Exercise: Omit all pictures. Copy exactly the lines from the line containing "1-800-HOTLINEBLING" to the end of the listing, with both ends included.

Material for this exercise:
# # # #

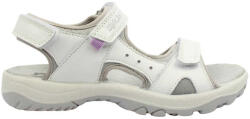 Imac I2535e03 Női szandál fehér 38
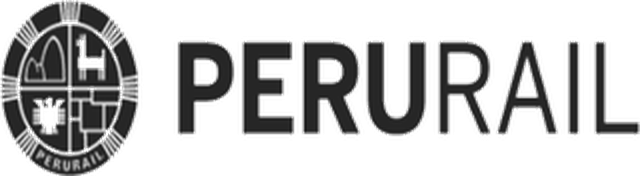 PeruRail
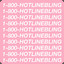 1-800-HOTLINEBLING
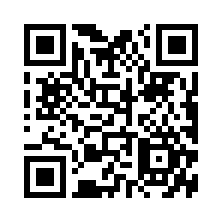 QR Code for 184f4uQSw238PkcLZf6oWu6fX8tzTec6F3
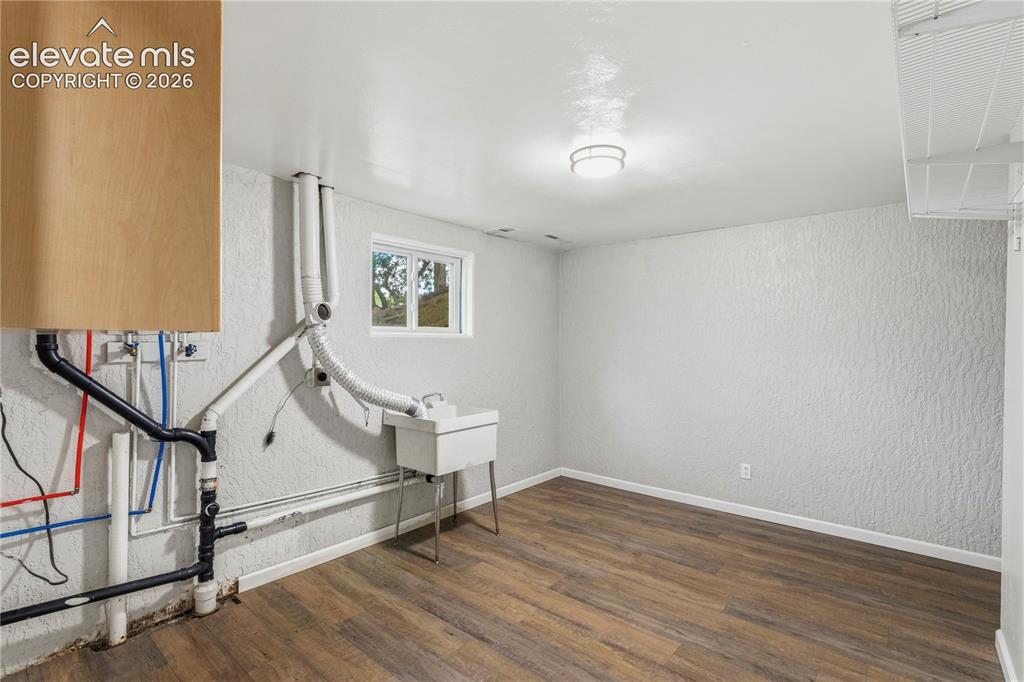 185 Mikado Drive Colorado Springs CO 80919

# # # #

Your response:
 1-800-HOTLINEBLING
 QR Code for 184f4uQSw238PkcLZf6oWu6fX8tzTec6F3
 185 Mikado Drive Colorado Springs CO 80919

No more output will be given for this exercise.